■ **Material supplied**:
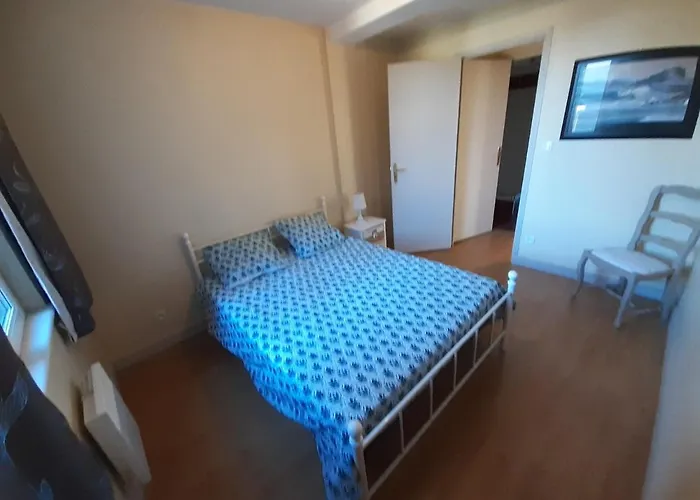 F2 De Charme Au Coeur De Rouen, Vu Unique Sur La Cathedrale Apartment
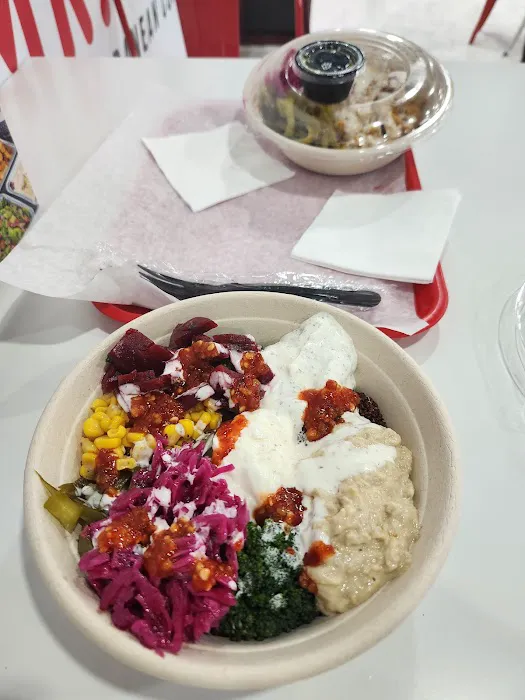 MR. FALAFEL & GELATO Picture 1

--

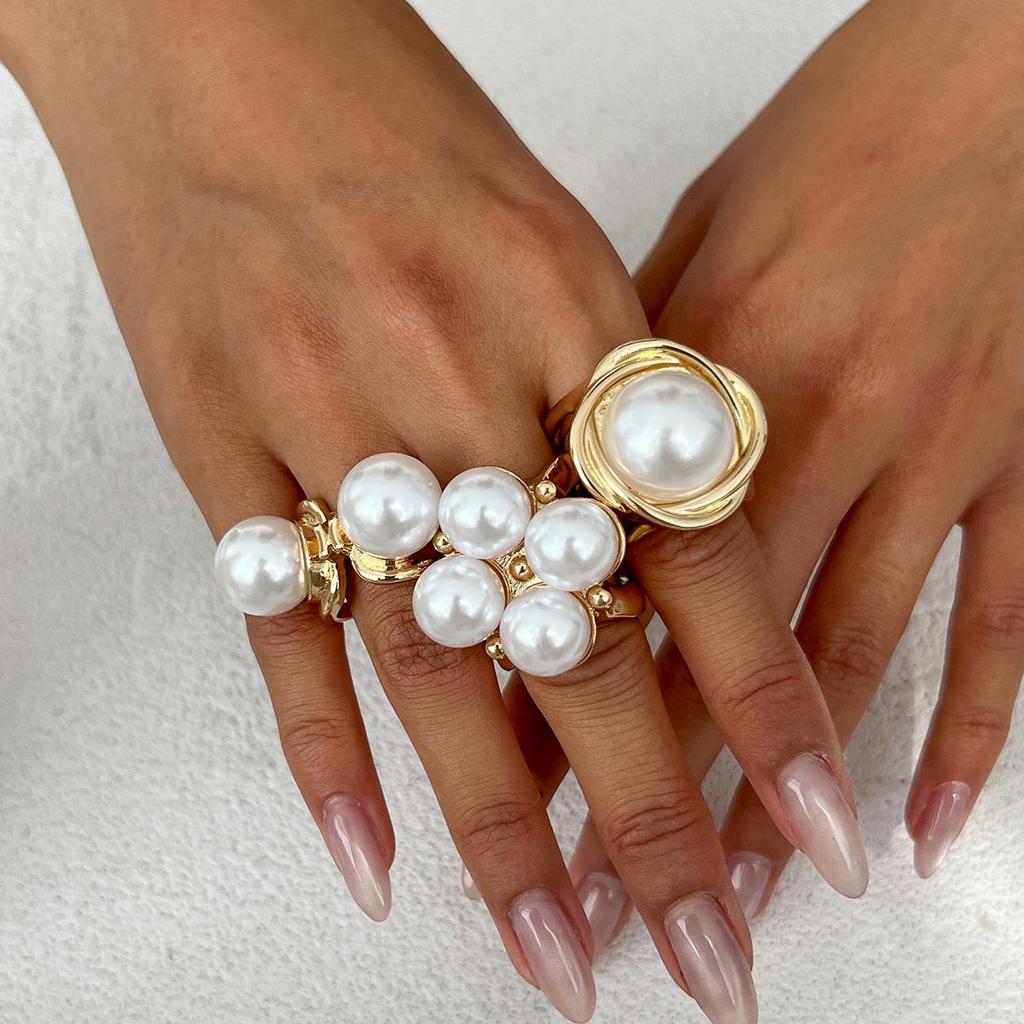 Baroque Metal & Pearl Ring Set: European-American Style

■ **Directions for this task**:
Within the listing above, print exactly the stretch beginning at the line that contains "F2 De Charme" and finishing at the line that contains "MR. FALAFEL & GELATO Picture 1", ends kept, pictures left out, and nothing more.

■ **Reply**:
 F2 De Charme Au Coeur De Rouen, Vu Unique Sur La Cathedrale Apartment
 MR. FALAFEL & GELATO Picture 1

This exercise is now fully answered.